The disciples named most often—and hence the ones with apparently the most involvement and visibility—are Peter and Philip: interesting, because in the other Gospels Philip is mentioned only once per book: in the list of the Twelve.
There is no full listing of the Twelve in John’s Gospel, and there are only four references to the Twelve at all: 6:67, 70, 71, and 20.24. The most extensive listing of the disciples is in 21:2:
Gathered there were Simon Peter, Thomas called the Twin, Nathanael of Cana in Galilee, the sons of Zebedee, and two others of his disciples.
Here, only Simon Peter, Thomas, and Nathanael are named. James and John are referred to indirectly as the “sons of Zebedee.” Judas Iscariot was dead, so that leaves four who are missing from this final encounter with Christ in the Gospel of John. But, the two not identified might be left nameless because they were disciples, but not Disciples, which would mean only five of the Twelve were there.
In John, there is no mention of James by name and no mention of the inner three as a group (Peter, James, and John).
John 3
3.10 Are you a teacher of Israel, and yet you do not understand these things? Jesus is not saying this was a new thing. This is the way God has always operated. The shock is that a teacher of Israel doesn’t now how things work.
3.18 those who do not believe are condemned. Everyone, including the Jews, including the leaders of the Jews, who do not believe are condemned. The thing that matters is not Jew/Gentile, but believer/unbeliever.
Since they are condemned already, a positive personal response is required from everyone... and in particular, a positive personal response to Jesus.
No one gets in based upon what they think they deserve. For a leader of Israel, this is a devastating truth. There is no evidence Nicodemus believed it entirely.
3.26 all are going to him. The disciples of John are jealous that Jesus is getting more attention than their master. It might have been loyalty to John; it might have been dissatisfaction that after all they had done this other guy was getting all the credit.
The disciple John was likely one of the two disciples that left John for Jesus in 1.27, so he had a unique perspective on this. But in Matt 20.20-26 John asked Jesus for preferential treatment. This event is not recorded in the Gospel of John. John’s statement in 3.30 that I must decrease is apparently lost on the disciple John.

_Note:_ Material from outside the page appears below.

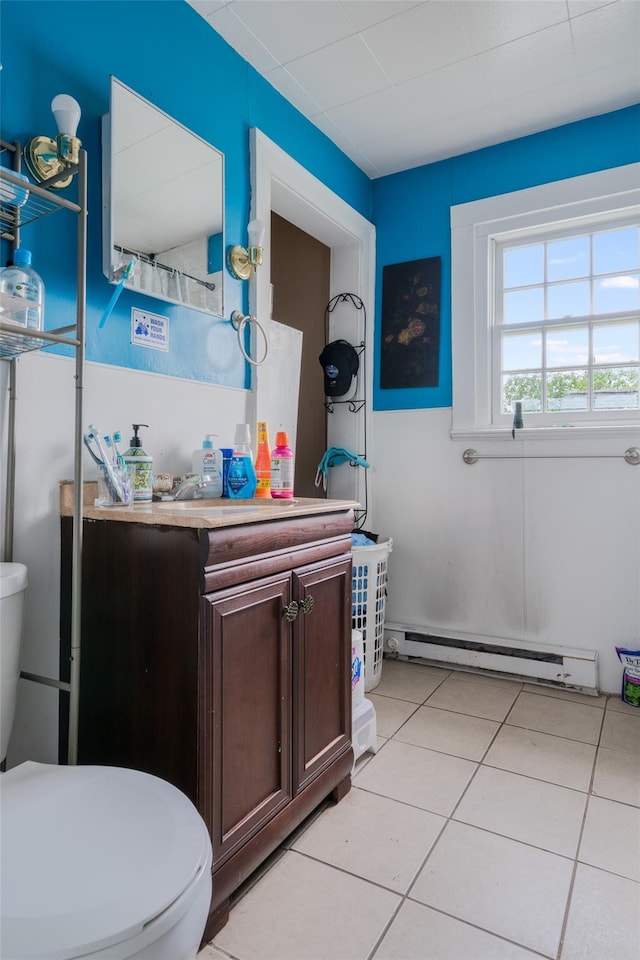24 Park St, Kingston, NY 12401 - bathroom featuring a baseboard radiator, toilet, tile patterned floors, and vanity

3.29-30 rejoices, my joy. Not an emotional joy. John’s life was miserably difficult. His “joy” is the opposite of his disciples’ jealousy. There was nothing in John’s work or life that he regretted, nothing in Jesus’ life or work that he envied, nothing in the hardship that he thought unreasonable or worthy of being noticed by God or anyone else.
No reward, no repayment, no recognition. The only other person who did it was Paul:
Phil 1.18-21: Christ is proclaimed, whether out of false motives or true, and in that I rejoice, and I will continue to rejoice. It is my eager expectation that I will not be put to shame, but that by my speaking with all boldness, Christ will be exalted in my body, whether by life or by death. For to me, to live is Christ and to die is gain.
Phil 4.11-13: I have learned to be content with whatever I have. I know what it is to have little, and I know what it is to have plenty. In any and all circumstances I have learned the secret of being well-fed and of going hungry, of having plenty and of being in need. I can do all things through him who strengthens me.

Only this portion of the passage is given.